* Work request *
Here is the task for the listing below: output exactly the lines from the one containing "Almgourmet - Geschenkset" through the one containing "Cuisinière à Gaz", and leave out the pictures.

* Record extracts *
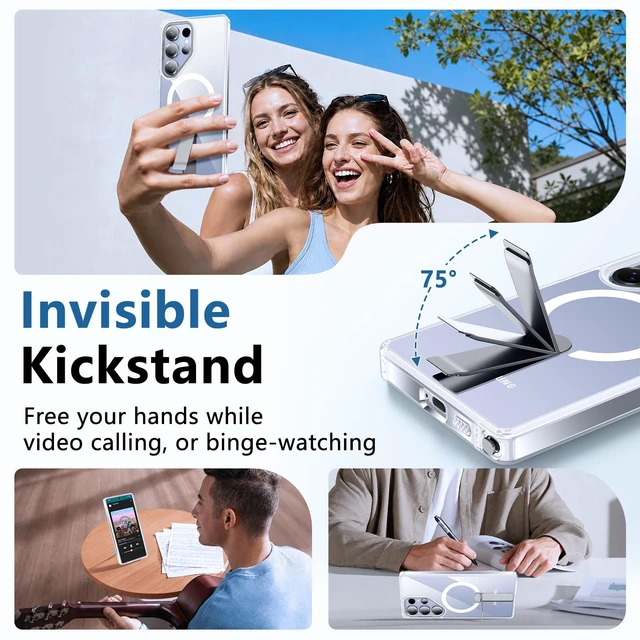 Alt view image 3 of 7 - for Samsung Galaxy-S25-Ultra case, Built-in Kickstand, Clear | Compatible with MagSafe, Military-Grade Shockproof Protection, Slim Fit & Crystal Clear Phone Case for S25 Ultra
==
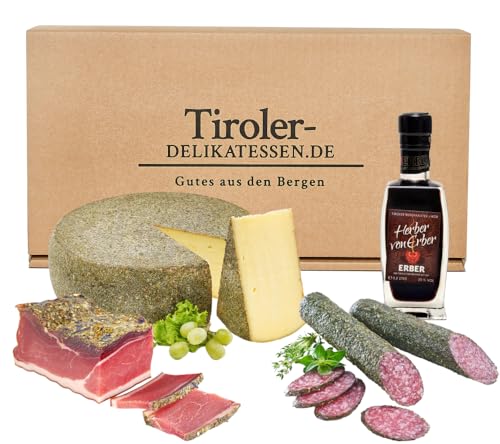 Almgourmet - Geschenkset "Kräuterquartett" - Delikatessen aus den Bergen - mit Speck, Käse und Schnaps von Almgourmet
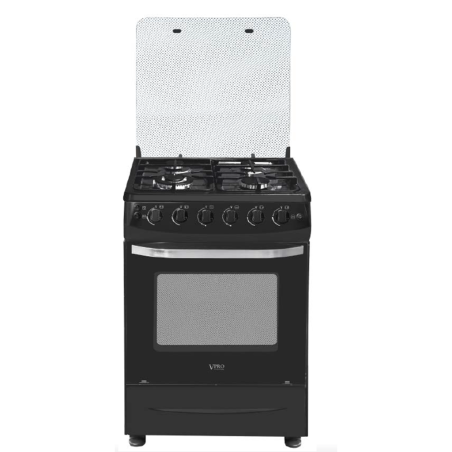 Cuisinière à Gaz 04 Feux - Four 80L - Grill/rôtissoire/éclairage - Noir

* Response area *
 Almgourmet - Geschenkset "Kräuterquartett" - Delikatessen aus den Bergen - mit Speck, Käse und Schnaps von Almgourmet
 Cuisinière à Gaz 04 Feux - Four 80L - Grill/rôtissoire/éclairage - Noir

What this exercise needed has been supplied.